AsiaToday reporter Jo Jae-hyung 

Tensions are rising at the National Assembly as controversial electoral and prosecutorial reform bills placed on fast track are expected to be put up for a vote at the Assembly plenary session on Friday. The ruling Democratic Party (DP) made it clear that it will put the reform bills up for a vote. The main opposition Liberty Korea Party (LKP) continued its protest at Rotender Hall in the National Assembly building to block votes on them. The rival parties strongly asserted their arguments, however left the door open for further negotiation. There is much attention towards whether a breakthrough will be made to avoid worst-case scenarios. 

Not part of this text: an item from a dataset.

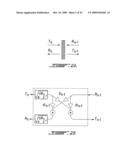 MULTI-CAVITY OPTICAL FILTERS WITH INVERSE PARABOLIC GROUP DELAY RESPONSES diagram and image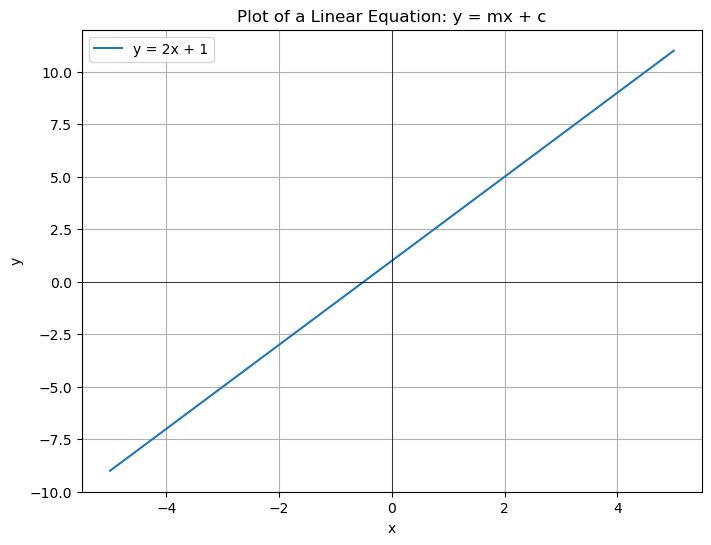 <Figure size 800x600 with 1 Axes>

The DP revealed its plan to submit key bills to a plenary session. “It seems difficult to solve today’s political situation with dialogue and compromise alone,” said DP Rep. Lee In-young, the party’s floor leader, during a meeting of party leaders at the National Assembly. “We will take our own path,” he said. “The LKP neglected negotiations and chosen to protest. We request National Assembly speaker Moon Hee-sang to hold a plenary session on Friday to submit the reform bills and other bills related to people’s lives,” Lee said. As negotiations with the LKP reached a deadlock, the DP appears to have reaffirmed its willingness to get through the situation through the “four-plus-one coalition” with Bareunmirae, the Justice Party, the Party for Democracy and Peace and New Alternatives. The DP plans to draw an agreement with the four minor opposition parties by Friday morning.

If the LKP attempts a filibuster to block votes, the DP also plans to participate in the discussion and call for the need to pass the reform bills. After that, the DP plans to watch the situation until around Monday and end the provisional session. Then the ruling party plans to handle the bills by reconvening a provisional session early next week when the registration of primary candidates for general elections begins. However, the DP floor leader said the party will “leave the door open for future negotiations until the end.”

On the other hand, the LKP continued its hard-line struggle ahead of a possible fast-track bill war. “A parliamentary coup is nearing to complete a leftist dictatorship,” LKP Chairman Hwang Kyo-ahn said at the National Assembly’s Rotender Hall. “We will make every effort to stop it,” he said. However, the LKP left the door open for last-minute negotiations while keeping an eye on the DP’s movements. “We will not let go the possibility of dialogue until the end,” said LKP Rep. Shim Jae-chul.